The B-ration (officially Field Ration, Type B) was a United States military ration consisting of packaged and preserved food intended to be prepared in field kitchens by cooks. Its modern successor is the Unitized Group Ration – M (UGR-M), which combines multiple types of rations, including the B-ration, under one unified system.

The B-ration differs from other American alphabetized rations such as the A-ration, consisting of fresh food; C-ration, consisting of prepared wet food when A- and B-rations were not available; D-ration, consisting of military chocolate; K-ration, consisting of three balanced meals; and emergency rations, intended for emergencies when other food or rations are unavailable.

== Overview ==
Field rations such as the A-ration, B-ration, and emergency rations consisted of food items issued to troops operating in the field. Like the A-ration, the B-ration required the use of trained cooks and a field kitchen for preparation; however, it consisted entirely of semi-perishable foods and so did not require refrigeration equipment.

As of 1982, the B-ration consisted of approximately 100 items which were issued in bulk and packaged in cans, cartons, pouches, and other packing material. An individual ration had a gross weight of 3.639 pounds, measured 0.1173 cubic feet, and could supply approximately 4,000 calories. B-rations were organized into a ten-day menu cycle which ensured a variety of different meals each day and could be altered as the service needed.
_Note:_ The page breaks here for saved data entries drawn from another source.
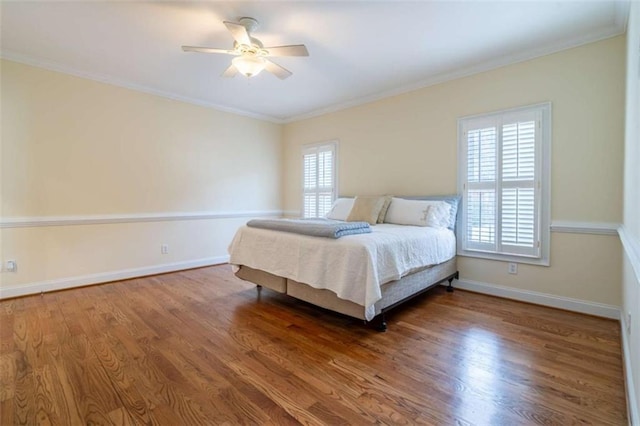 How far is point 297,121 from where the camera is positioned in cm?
559

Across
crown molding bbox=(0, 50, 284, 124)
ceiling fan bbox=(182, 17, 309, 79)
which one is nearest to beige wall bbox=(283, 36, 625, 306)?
ceiling fan bbox=(182, 17, 309, 79)

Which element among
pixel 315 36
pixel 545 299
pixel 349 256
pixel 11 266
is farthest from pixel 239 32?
pixel 545 299

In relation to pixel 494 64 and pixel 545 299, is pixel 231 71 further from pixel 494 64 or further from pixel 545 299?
pixel 545 299

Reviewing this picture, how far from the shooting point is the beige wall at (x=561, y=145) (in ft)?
8.68

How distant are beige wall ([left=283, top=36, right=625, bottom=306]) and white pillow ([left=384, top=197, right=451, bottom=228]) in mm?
360

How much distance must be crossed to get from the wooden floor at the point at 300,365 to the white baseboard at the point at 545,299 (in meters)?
0.12

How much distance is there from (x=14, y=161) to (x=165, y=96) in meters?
1.85

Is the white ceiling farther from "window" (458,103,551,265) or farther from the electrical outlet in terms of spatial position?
the electrical outlet

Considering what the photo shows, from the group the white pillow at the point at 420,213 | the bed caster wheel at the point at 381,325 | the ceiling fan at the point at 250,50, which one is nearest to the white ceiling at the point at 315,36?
the ceiling fan at the point at 250,50

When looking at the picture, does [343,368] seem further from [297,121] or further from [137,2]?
[297,121]

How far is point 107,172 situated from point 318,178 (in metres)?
3.01

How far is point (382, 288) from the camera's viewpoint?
Result: 2.42m

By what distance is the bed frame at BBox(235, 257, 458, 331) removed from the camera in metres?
2.45

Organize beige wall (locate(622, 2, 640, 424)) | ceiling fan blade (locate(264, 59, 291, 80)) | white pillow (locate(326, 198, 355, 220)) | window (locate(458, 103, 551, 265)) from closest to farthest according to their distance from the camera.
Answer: beige wall (locate(622, 2, 640, 424)) → ceiling fan blade (locate(264, 59, 291, 80)) → window (locate(458, 103, 551, 265)) → white pillow (locate(326, 198, 355, 220)) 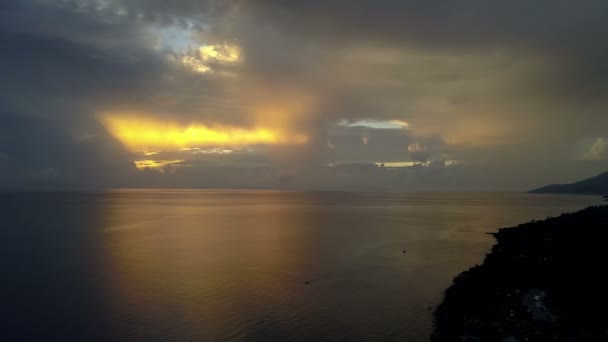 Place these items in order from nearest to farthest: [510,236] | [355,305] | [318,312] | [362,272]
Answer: [318,312]
[355,305]
[362,272]
[510,236]

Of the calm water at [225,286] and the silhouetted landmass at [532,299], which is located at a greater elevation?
the silhouetted landmass at [532,299]

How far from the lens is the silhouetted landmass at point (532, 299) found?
861 inches

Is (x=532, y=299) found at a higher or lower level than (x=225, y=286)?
higher

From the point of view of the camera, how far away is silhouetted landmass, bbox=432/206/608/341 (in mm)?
21875

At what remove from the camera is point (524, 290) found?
99.5 feet

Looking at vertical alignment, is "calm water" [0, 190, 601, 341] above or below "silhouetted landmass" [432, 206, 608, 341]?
below

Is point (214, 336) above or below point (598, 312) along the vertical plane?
below

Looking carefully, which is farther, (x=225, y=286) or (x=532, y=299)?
(x=225, y=286)

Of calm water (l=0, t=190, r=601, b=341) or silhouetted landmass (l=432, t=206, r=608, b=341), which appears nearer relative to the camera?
silhouetted landmass (l=432, t=206, r=608, b=341)

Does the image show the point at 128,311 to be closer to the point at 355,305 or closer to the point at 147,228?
the point at 355,305

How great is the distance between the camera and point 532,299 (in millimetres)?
27953

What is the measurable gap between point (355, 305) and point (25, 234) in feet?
218

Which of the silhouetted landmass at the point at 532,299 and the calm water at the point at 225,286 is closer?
the silhouetted landmass at the point at 532,299

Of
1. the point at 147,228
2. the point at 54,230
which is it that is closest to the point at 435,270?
the point at 147,228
The advantage of the B-ration was that it provided balanced nutrition in all climates and individual components could be easily substituted with fresh foods when they became available, a practice highly encouraged to avoid food monotony. However the meals could not be made without trained cooks and required significant investment. Preparing a meal for 100 personnel using B-rations required two to three hours for two cooks to prepare (plus additional personnel to help with serving and clean-up) and on average 75 gallons of potable water.

== Unitized Group Ration M ==
The modern equivalent to the B-ration is the Unitized Ground Ration – M, formerly called the Unitized Ground Ration – B. It is distinct from other forms of UGR, such as the UGR-H&S, in that it consists of dehydrated ingredients with an intended recipe in mind, as opposed to precooked or preassembled meals. Unlike the B-ration, the UGR-M is only issued to the United States Marine Corps.